Gelecek Partisi Genel Başkan Yardımcısı Selçuk Özdağ 15 Ocak'ta Ankara’daki evinin önünde beş kişilik bir grup tarafından silahlı ve sopalı saldırıya uğramış. Saldırının ardından siyasi liderlerden art arda kınama açıklamaları gelmişti. Özdağ saldırıdan sonra enpolitik haber sitemizde “Siyasetçi Susarsa Halk Susar” başlıklı yazısında, “Siyaset şiddeti önlemek, ülke sorunlarını konuşarak çözmek için vardır. Siyasetçinin tek silahı sözleridir. Sözün sustuğu/susturulduğu yerde siyaset biter, şiddet tırmanır, konuşmanın, diyalogun yerini kavga alır. Bir yerde siyasetçiler, gazeteciler susturulmaya çalışılıyorsa orada söz bitmiş, kavga başlamış demektir” dedi.

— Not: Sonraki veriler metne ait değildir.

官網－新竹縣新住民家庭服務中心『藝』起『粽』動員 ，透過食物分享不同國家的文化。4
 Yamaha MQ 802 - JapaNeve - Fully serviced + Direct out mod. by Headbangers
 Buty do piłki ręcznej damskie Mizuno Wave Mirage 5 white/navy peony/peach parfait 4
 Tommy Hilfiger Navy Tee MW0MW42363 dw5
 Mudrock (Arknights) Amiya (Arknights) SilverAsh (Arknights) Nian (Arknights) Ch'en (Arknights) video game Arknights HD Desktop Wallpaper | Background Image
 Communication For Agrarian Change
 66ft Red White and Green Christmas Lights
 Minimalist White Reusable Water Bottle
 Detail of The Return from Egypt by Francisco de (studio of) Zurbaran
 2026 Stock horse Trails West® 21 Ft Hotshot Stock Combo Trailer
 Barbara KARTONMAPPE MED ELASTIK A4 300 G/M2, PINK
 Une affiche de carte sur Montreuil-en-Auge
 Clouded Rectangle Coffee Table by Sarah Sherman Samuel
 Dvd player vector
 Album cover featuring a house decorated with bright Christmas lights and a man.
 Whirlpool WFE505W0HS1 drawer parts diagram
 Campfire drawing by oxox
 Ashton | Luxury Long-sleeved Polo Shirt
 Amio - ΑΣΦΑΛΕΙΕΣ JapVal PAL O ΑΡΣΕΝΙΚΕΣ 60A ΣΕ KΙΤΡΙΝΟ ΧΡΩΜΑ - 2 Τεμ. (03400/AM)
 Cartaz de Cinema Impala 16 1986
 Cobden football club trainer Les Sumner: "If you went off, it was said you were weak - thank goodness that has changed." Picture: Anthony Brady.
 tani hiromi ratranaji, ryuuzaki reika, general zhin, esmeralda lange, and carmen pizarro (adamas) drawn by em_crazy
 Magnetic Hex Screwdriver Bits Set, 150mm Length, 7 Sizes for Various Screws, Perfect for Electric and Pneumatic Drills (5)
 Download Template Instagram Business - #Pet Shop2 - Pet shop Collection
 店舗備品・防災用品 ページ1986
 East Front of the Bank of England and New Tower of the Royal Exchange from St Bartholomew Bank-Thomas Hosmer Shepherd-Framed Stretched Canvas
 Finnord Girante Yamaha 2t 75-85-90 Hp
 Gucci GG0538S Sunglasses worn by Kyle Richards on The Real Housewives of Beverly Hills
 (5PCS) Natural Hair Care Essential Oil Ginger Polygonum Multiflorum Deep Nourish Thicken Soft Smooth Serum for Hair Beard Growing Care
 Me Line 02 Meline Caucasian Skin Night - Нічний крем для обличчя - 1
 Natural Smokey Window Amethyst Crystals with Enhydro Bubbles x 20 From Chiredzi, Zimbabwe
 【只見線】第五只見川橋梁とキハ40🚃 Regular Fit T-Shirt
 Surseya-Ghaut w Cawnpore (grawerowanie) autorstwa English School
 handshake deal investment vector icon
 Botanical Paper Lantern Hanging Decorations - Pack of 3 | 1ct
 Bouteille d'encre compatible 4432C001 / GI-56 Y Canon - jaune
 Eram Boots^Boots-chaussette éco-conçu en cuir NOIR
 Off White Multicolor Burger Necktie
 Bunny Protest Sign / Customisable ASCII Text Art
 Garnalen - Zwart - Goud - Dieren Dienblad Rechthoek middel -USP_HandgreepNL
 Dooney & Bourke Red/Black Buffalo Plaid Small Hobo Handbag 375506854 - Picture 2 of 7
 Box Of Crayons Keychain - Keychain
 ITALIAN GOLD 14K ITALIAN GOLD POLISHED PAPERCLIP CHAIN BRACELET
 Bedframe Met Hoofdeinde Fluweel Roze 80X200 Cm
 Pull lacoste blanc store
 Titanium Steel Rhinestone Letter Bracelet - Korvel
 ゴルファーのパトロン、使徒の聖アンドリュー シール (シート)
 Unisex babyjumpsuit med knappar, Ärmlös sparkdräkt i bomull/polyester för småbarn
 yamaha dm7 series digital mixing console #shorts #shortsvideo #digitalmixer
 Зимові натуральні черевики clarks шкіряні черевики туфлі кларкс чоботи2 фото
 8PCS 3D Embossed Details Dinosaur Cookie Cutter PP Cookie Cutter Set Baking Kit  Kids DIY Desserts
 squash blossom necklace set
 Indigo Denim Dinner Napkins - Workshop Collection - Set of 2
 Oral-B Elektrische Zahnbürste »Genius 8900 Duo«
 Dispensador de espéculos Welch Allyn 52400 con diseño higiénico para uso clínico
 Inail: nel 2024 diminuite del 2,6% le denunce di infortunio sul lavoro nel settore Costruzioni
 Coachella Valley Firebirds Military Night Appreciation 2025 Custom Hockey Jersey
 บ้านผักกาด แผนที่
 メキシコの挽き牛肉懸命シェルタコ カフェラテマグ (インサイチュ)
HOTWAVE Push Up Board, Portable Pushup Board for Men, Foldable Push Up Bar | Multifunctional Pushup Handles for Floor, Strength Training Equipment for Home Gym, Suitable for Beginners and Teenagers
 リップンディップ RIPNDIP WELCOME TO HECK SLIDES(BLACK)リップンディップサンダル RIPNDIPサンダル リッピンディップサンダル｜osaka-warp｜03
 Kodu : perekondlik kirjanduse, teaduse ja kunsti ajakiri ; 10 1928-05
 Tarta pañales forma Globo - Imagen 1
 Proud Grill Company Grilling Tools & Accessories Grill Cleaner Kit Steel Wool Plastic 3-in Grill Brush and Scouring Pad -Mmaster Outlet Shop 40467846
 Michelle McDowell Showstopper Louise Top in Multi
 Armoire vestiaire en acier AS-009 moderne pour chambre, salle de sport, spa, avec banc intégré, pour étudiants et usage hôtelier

Yıllarca aynı partide görev alan İçişleri Bakanı Süleyman Soylu’nun açıklamalarına da yazısında yer veren Özdağ, “İçişleri bakanı sayın Soylu’nun olayı tepkisel diye nitelendirmesi tam bir skandaldı. Sayın Soylu ile beraber uzun Yıllar AKP’de görev yaptık, 15 Temmuz’a beraber direndik, bu söz olayı bağlamından çıkaran örgütsel arka planını görmezden gelen bir sözdü. İşte saldırganları cesaretlendiren de budur. Gönül isterdi ki en sert tepkiyi sayın Soylu göstersin, ama tam tersi oldu.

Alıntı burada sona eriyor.